▸ **PROBLEM TO SOLVE**
Each entry needs to be restated exactly as written.

▸ **DATA EXCERPTS**
***
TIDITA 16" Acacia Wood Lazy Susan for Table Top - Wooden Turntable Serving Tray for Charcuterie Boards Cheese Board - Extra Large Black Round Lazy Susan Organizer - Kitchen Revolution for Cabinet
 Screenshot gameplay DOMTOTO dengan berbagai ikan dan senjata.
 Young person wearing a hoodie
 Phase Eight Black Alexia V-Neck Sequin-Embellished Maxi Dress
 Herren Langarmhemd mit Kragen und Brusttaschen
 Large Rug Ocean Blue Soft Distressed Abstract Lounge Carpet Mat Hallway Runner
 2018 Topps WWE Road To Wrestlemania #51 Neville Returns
***
▸ **EXPECTED ANSWER**
TIDITA 16" Acacia Wood Lazy Susan for Table Top - Wooden Turntable Serving Tray for Charcuterie Boards Cheese Board - Extra Large Black Round Lazy Susan Organizer - Kitchen Revolution for Cabinet
 Screenshot gameplay DOMTOTO dengan berbagai ikan dan senjata.
 Young person wearing a hoodie
 Phase Eight Black Alexia V-Neck Sequin-Embellished Maxi Dress
 Herren Langarmhemd mit Kragen und Brusttaschen
 Large Rug Ocean Blue Soft Distressed Abstract Lounge Carpet Mat Hallway Runner
 2018 Topps WWE Road To Wrestlemania #51 Neville Returns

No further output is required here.